Grabara bohaterem kontrowersji w duńskiej lidze

W pewnym momencie sędzia zdecydował się na wykonanie rzutu sędziowskiego (zwanego rzutem fair play), po akcji zespołu Vejle BK. Walden Jurczenko kopnął piłkę na tyle mocno, że ta przelobowała Grabarę, który rozpaczliwie próbował ją odbić nad głową. Futbolówka wpadła do bramki i Vejle BK objęło prowadzenie.

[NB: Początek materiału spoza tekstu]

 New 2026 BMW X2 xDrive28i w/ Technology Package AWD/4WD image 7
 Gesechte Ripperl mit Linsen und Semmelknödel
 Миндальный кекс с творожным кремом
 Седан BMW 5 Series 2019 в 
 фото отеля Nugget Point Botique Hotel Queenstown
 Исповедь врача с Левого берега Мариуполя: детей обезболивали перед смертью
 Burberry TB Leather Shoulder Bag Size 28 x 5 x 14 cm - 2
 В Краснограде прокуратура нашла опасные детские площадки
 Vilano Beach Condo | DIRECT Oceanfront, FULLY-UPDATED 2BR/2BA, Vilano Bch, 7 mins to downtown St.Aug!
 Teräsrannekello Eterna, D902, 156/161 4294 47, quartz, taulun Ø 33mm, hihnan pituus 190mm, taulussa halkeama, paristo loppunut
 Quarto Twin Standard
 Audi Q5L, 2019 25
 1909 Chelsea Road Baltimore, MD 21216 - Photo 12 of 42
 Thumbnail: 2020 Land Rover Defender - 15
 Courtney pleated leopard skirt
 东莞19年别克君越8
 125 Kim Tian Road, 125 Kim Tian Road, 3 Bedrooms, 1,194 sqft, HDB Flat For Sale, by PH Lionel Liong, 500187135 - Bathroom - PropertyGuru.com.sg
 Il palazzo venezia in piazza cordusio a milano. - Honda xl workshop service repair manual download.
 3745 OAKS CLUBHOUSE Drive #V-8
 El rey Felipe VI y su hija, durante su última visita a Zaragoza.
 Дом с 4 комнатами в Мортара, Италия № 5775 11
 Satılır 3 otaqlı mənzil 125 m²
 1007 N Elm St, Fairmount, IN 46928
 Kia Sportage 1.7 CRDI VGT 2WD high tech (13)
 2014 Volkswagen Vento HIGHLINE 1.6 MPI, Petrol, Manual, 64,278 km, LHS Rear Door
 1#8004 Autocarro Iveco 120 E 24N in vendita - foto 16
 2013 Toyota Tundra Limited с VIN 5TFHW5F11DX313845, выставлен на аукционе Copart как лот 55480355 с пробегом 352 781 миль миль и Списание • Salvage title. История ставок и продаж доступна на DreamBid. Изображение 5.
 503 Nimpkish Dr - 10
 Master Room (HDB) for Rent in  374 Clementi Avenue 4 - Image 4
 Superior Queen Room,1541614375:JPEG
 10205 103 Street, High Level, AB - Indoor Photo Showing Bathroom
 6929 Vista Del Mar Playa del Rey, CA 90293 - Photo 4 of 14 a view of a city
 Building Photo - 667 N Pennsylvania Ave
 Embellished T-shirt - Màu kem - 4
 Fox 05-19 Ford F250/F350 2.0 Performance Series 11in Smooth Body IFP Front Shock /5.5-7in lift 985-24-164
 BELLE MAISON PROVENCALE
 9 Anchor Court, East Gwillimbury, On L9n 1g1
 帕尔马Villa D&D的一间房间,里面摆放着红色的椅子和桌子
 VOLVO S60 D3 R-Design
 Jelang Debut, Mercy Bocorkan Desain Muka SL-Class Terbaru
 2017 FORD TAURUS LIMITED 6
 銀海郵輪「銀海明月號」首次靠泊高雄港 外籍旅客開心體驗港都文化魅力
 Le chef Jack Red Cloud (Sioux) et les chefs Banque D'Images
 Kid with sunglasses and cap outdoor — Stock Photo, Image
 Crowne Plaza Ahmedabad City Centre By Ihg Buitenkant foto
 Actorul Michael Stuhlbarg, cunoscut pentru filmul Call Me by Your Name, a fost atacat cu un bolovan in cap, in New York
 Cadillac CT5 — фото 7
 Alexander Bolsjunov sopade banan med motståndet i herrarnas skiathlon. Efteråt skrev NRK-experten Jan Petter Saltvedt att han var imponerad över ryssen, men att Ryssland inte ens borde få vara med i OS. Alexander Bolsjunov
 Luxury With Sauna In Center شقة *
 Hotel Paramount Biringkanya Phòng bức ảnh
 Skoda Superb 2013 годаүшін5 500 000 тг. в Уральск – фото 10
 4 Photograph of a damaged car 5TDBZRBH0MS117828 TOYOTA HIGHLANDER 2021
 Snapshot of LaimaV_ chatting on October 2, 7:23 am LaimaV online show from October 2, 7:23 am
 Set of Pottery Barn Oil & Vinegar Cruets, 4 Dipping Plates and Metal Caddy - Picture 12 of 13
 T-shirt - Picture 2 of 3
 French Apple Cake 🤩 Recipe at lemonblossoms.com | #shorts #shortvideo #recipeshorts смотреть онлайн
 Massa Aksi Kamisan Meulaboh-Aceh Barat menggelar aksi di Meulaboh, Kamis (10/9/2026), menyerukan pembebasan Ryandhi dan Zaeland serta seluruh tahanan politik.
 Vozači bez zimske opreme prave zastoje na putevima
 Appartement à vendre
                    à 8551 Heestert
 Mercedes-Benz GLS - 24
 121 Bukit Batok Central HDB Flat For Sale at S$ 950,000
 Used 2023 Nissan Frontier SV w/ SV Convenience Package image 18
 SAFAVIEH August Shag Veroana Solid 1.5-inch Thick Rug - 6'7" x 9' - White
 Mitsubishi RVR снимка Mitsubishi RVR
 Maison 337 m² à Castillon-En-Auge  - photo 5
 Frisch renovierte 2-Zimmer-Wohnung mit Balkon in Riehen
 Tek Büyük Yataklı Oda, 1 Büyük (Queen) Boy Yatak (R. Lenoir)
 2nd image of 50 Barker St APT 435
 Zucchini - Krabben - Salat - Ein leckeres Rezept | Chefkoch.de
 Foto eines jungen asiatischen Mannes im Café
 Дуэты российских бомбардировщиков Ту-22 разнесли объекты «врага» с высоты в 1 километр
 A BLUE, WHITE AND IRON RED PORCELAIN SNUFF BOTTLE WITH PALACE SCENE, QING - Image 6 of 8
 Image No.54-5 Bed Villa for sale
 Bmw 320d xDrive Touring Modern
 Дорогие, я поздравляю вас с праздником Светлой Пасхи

https://twitter.com/czesmich/status/1120394278851756033

Arbiter uznał, że Grabara musnął piłkę palcami i warunek dotknięcia jej przez dwóch zawodników, przy rzucie sędziowskim, został spełniony. Powstało spore zamieszanie, gdyż koledzy Garabary utrzymywali, że on jej nie sięgnął. Grabara nie wypowiada się na ten temat. Choć podczas różnych dyskusji sędziowie wciąż utrzymują, że polski bramkarz jej dotknął.

https://twitter.com/czesmich/status/1120397458780114946

Arhaus GF odrobił stratę i wygrał z gospodarzami 4:2. Pod koniec meczu, już w doliczonym czasie gry, Grabara ponownie stanął „oko w oko” z Jurczenką, który wykonywał rzut karny. Kamil Grabara nie zawiódł i pewnie obronił jedenastkę.

Grabara z kolegami walczą o utrzymanie w duńskiej superlidze. W grupie spadkowej zajmują pierwsze miejsce i wiele wskazuje na to, że Arhaus GF uniknie degradacji.

Na zdjęciu: Kamil Grabara, który stał się jednym z bohaterów zamieszania w duńskiej lidze.